From the outset, a reliable solar power system was going to either make or break the project. There is mains power running across the property in the form of a Single Wire Earth Return (SWER) line, courtesy of SA Power Networks but it was far enough away for us to conveniently ignore, for a host of reasons. In our solar power system, the power buss would be pretty simple, everything would operate from a nominal +12VDC system. It is important to remember that a 'nominal +12VDC system' really means that, depending upon the level of charge in the battery, the nominal +12VDC can actually be anywhere between +11.8VDC and +14.4VDC at any time. Variations in voltage translate into changes in power consumed/dissipated for a given current consumption of the equipment that we use. A couple of hours after mid-day on a random day recently, we have records of the battery voltages being +14.0V on all three solar systems (see below). This data will be used to calculate power consumption for 'real world' examples on this webpage.

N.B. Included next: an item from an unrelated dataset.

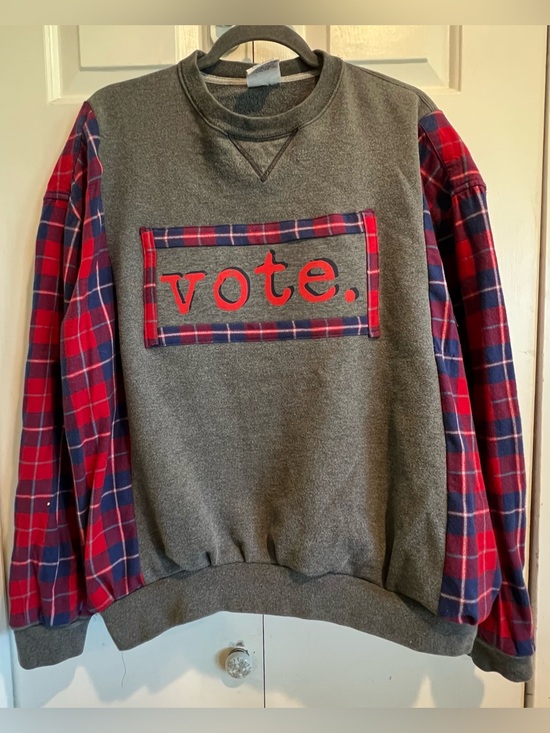 Champion Tops - Upcycled❤️VOTE💙 Pullover Gray Sweatshirt with Plaid Flannel Sleeves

A pair of 80W PV panels were installed above the SpaceCase on the tower and within the SpaceCase, a Victron Energy MPPT 75|10 Solar Controller was chosen to charge the 90AH lead-acid cranker (automotive) battery located under the tower at ground level.

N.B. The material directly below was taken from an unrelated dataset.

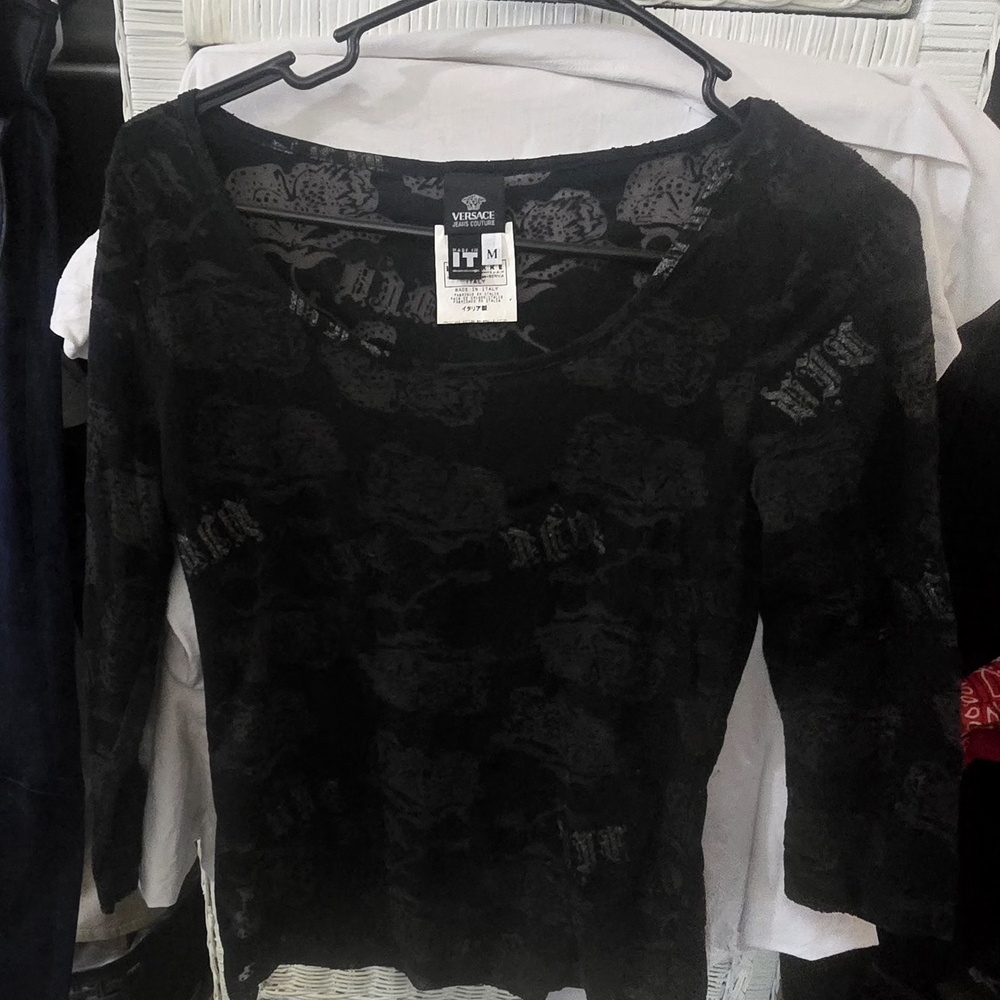 Versace Black Lace Blouse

For Phase 1, the commercial-off-the-shelf (COTS) Callisto Receiver draws ≈260mA @ +14VDC in measurement mode, power consumed is 3.7W. The Callisto-Lx computer draws ≈130mA @ +14VDC and does include DC-DC converter losses, power consumed is 1.9W. The DC-DC converter output is fixed for a +5VDC input to the computer. The 2x LNAs each draw ≈90mA @ +14VDC, power consumed is 2.6W combined. The 3G Internet Access Point draws ≈200mA @ +14VDC, power consumed is 2.8W. The estimates shown below have been rounded up by the online power calculator to present a worst case scenario.
Both instruments and ancillaries ran 24/7, so total power consumption was ≈264 Watt Hours/day. For 3 days of autonomy we would need a 155Ah lead-acid battery to maintain operation without disruption. Assuming that we can get 6 sun hours of charging per day, we would need at least 165W of PV panels to charge the battery. Continuous operation with 6 sun hours per day through our winter months would be optimistic while the LPDA antenna was parked in transit configuration. Once the solar tracker was turned on, things became less reliable and we lost a day or two occasionally in June/July - our darkest months. Fortunately, we were still ironing out issues with other things on-site so we didn't need rescue missions, site visits were still a regular thing.

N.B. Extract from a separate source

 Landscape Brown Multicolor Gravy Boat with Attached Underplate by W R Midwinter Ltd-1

There had been a software provision to switch the COTS receiver, LNAs and Internet AP off overnight using a solid state relay but it was never implemented.
We began by looking out for domestic PV panel installation upgrades, a cheap source of larger, used panels that we could buy for around $40 each. The 75V Victron MPPT controller was upgraded from 10A to a 15A output model, to allow a pair of 60 cell, ≈200W PV panels to be configured in either series or parallel. Series connection provides higher PV output voltages which generally maximises power conversion under off axis operating conditions (early morning, late afternoon) for fixed panels facing due North. We had previously been using a cranker battery out at the tower and this was replaced with a 100AH deep cycle lead-acid from ALDI. The two 80W PV panels were replaced with a single 200W panel, located above the SpaceCase. By now, David & Tique's container installation had been completed, their solar power system had been installed with 2 x 160W panels on the roof and 2 x 90A deep cycle batteries with a 30A MPPT controller inside. In preparation for the introduction of the Phase 2 & 2.5 spectrometers, the Phase 1 Callisto-Lx computer was moved into the container, we had already swapped out the 3G Internet AP for the data link back to the house. This decreased the daily power consumption out on the tower considerably, bringing the load on the battery back to a more sustainable level. This was to be short lived because Phase 2.5 was introduced soon after.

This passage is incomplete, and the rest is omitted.